── GIVEN ENTRIES
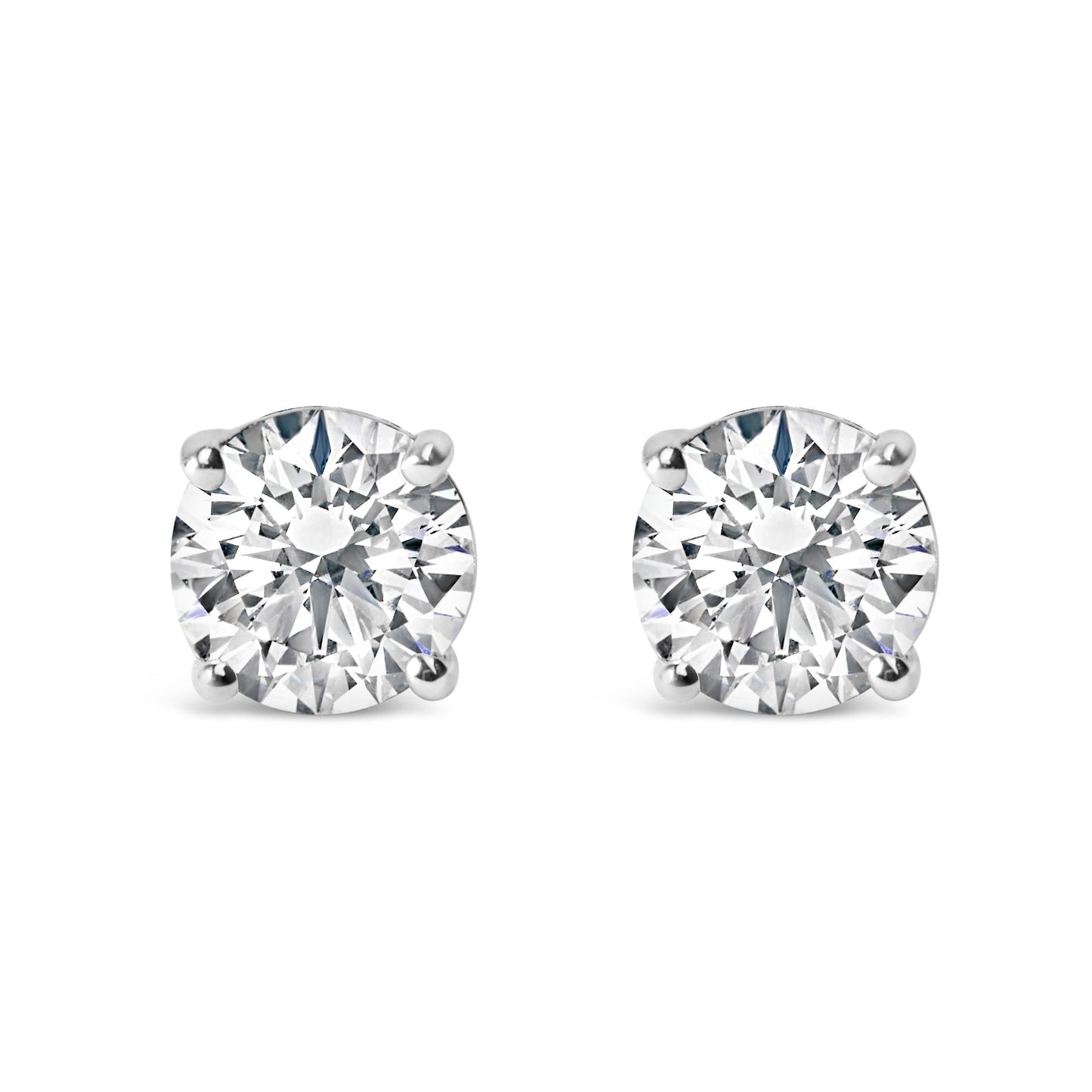 Platinum Round Lab Grown Diamond Solitaire Stud Earrings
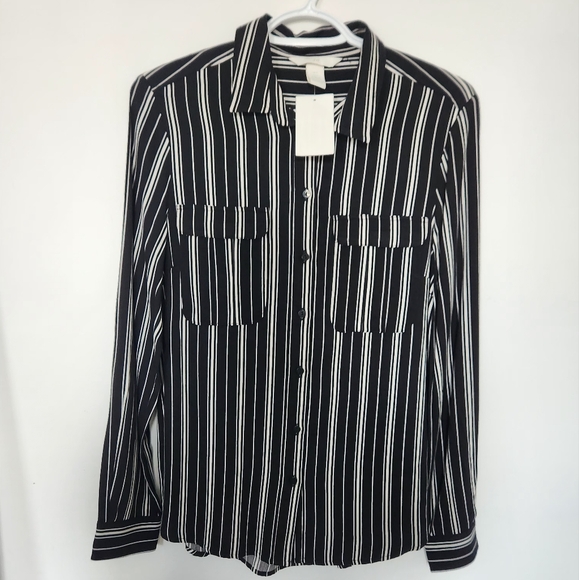 Black and White Striped Button Up shirt - Picture 1 of 2
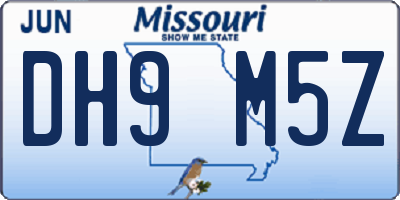 MO license plate DH9M5Z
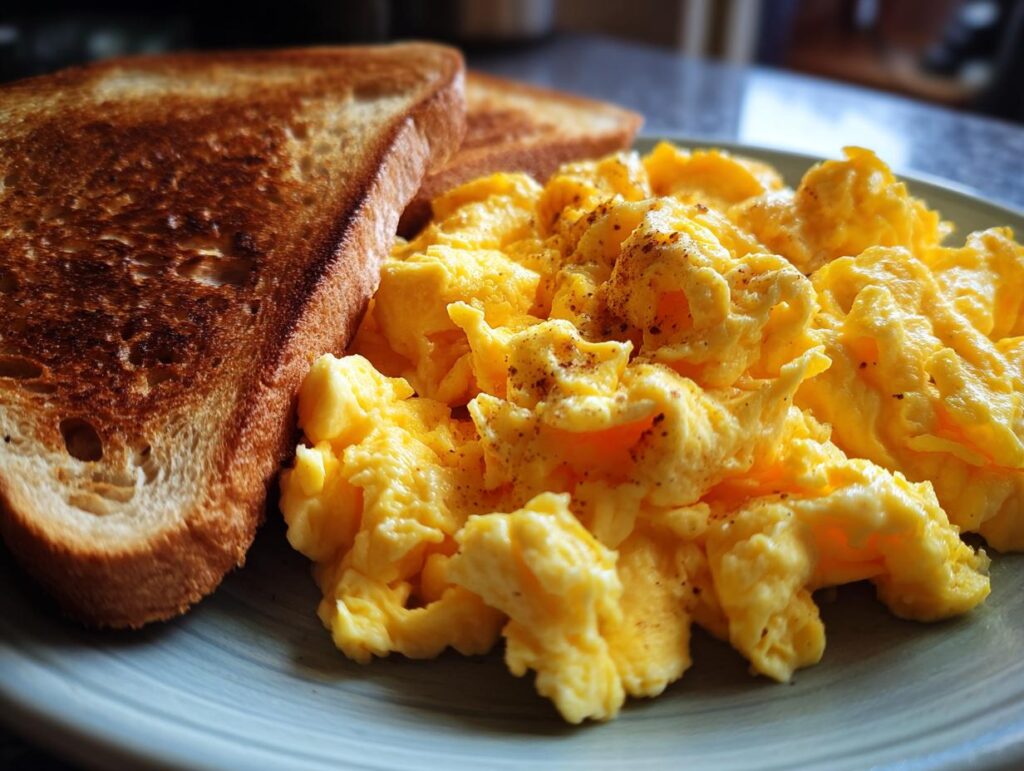 Plate with creamy scrambled eggs seasoned with pepper and two slices of toasted bread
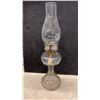 Image 3 : Three Antique Clear Glass Kerosene Oil Lamps With Chimneys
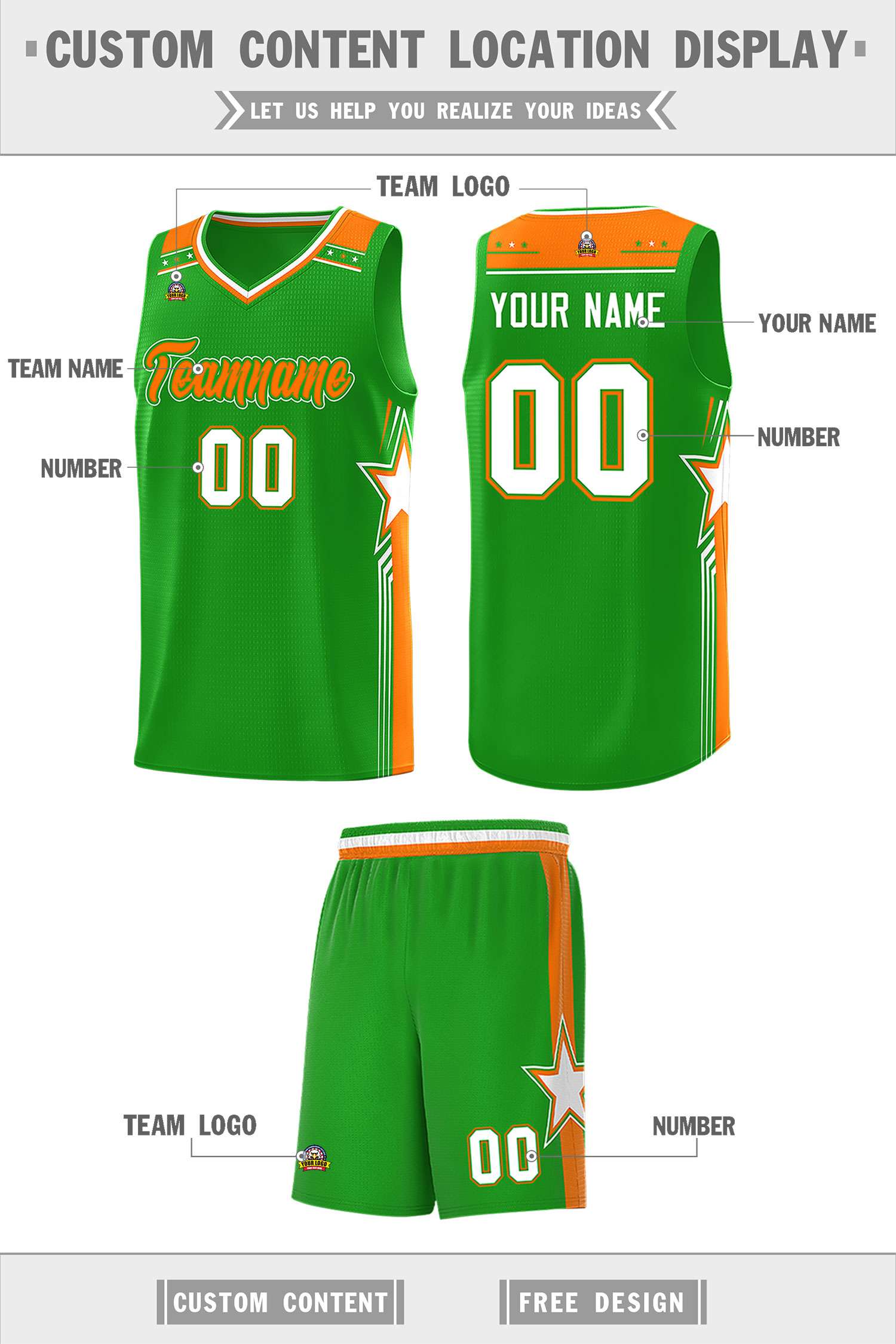 Custom Green Orange Star Graffiti Pattern Sports Uniform Basketball Jersey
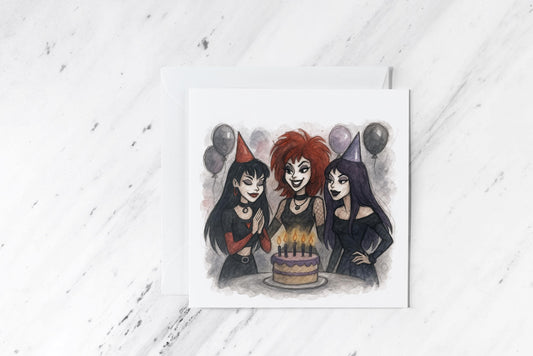 Hex Girls Birthday Card – Gothic Cartoon Band-Inspired Art – Witchy Party Greeting – Scooby-Doo Girl Card – Handmade Alternative Birthday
────
ACTION ITEM:
If an entry above holds a picture, omit the picture but retype everything else exactly.

SOLUTION FOR THIS PROBLEM:
 Platinum Round Lab Grown Diamond Solitaire Stud Earrings
 Black and White Striped Button Up shirt - Picture 1 of 2
 MO license plate DH9M5Z
 Plate with creamy scrambled eggs seasoned with pepper and two slices of toasted bread
 Image 3 : Three Antique Clear Glass Kerosene Oil Lamps With Chimneys
 Custom Green Orange Star Graffiti Pattern Sports Uniform Basketball Jersey
 Hex Girls Birthday Card – Gothic Cartoon Band-Inspired Art – Witchy Party Greeting – Scooby-Doo Girl Card – Handmade Alternative Birthday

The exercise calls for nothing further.